Good financial wellness is important because it helps our lives be better. We all know that money/finance is one of the most common major stressors. Financial anxiety affects how we think, how we spend, how we make decisions regarding our money and even goes on to affect our relationships. Good financial wellness is knowing how to use the money that we have for our well-being, while also being financially prepared for emergencies, and so on.
The goal is to spend money and know how to spend it, so you’re happy and healthy throughout your life. And no, I’m not saying spend all your money on wigs and clothes, for the women at the back.
What I mean is, we all want to live fulfilling and happy lives. You can’t do all that if you don’t spend money, right?
We all want to look back on our lives when we’re old and grey and be happy at the experiences, memories and happiness we achieved, partly because of how we spent our money.
Financial wellness is more than investing, saving or budgeting; it addresses money as a common stressor and views money as a tool to help us be healthier and happier.
It doesn’t matter if you earn little or earn a lot, you can add it to your self care routine and here’s how:
1. Educate yourself:
Look at me! After spending the weekend educating myself on the topic, I now have a much better understanding. I mean, look at me advising you.
I too have financial anxiety sometimes and a lot of the stress comes from feeling uneducated (I majored in communications, but I wish I had taken a finance class). I’ve come to understand that simply educating yourself can obviously go a long way; It might help ease your stress a bit and you’ll learn a thing or two about managing your finances. I suggest talking to your employer or a professor at your university to see if they offer any financial literacy programs. In the meantime, you can check out Ellevest, a platform dedicated to educating and helping women manage their money.
2. Automate savings:
If you find that you’re having trouble with saving money, or you want to start saving for those big life purchases like traveling or buying a home, try to automate so you don’t have it lingering in your mind. Try Piggyvest, an online savings & investment platform that makes saving easier, you can set up an automatic deposit daily, weekly or monthly. Or you can transfer into a separate account from every salary you earn. Even if its just N500 (or less) that you decide to start with, its a good start!

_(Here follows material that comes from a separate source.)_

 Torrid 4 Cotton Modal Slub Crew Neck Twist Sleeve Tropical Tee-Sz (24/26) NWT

The key is to save what you can, but remember that you’re saving to eventually spend, so only spend on things that really matter.
3. Budget based on what *truly* sparks joy:
Does it really bring you joy to go out with that one friend you don’t really like (just because you want to post on Instagram so it doesn’t seem like your life is boring), or to buy those pair of shoes you know you wouldn’t wear more than once? Managing your money based on what does and doesn’t bring you joy will reduce the stress that comes with spending money on the items, vacations and so on that you genuinely truly love.
4. Invest in yourself:
Just like you invest money into stocks to get what you initially invested over time, you can invest your money into other things like a gym membership (You. Yes you, when was the last time you worked out?), an online course and so on.

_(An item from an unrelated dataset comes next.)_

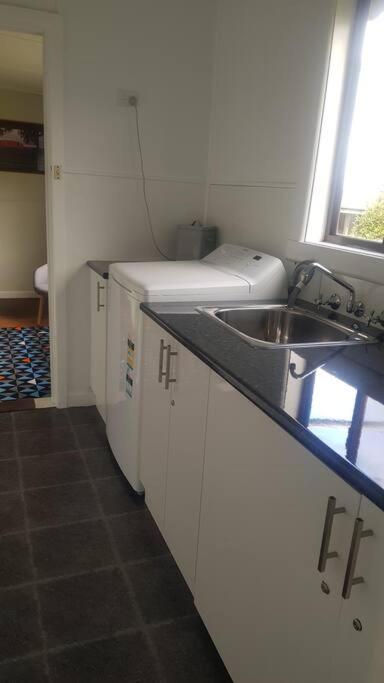 Timboon Retreat Newly renovated Sleeps 7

I started gym recently and I paid for a month’s membership. My friend thought I was going to back out but I told her it wasn’t possible because the truth is, you’re more likely to see something through as long as you put your money into it and keep it up as a habit. So decide what you want your habits to be and invest your money to achieve them.
5. Make tracking your money part of your routine:
Its important to make a finance check part of your routine; Set some financial goals at the beginning of the week, or put on a sheet mask every Sunday and go over your bank statements. Not only can this reduce added stress, but you’ll also be more aware of how your money is being spent and you’ll definitely feel more in control of your finances.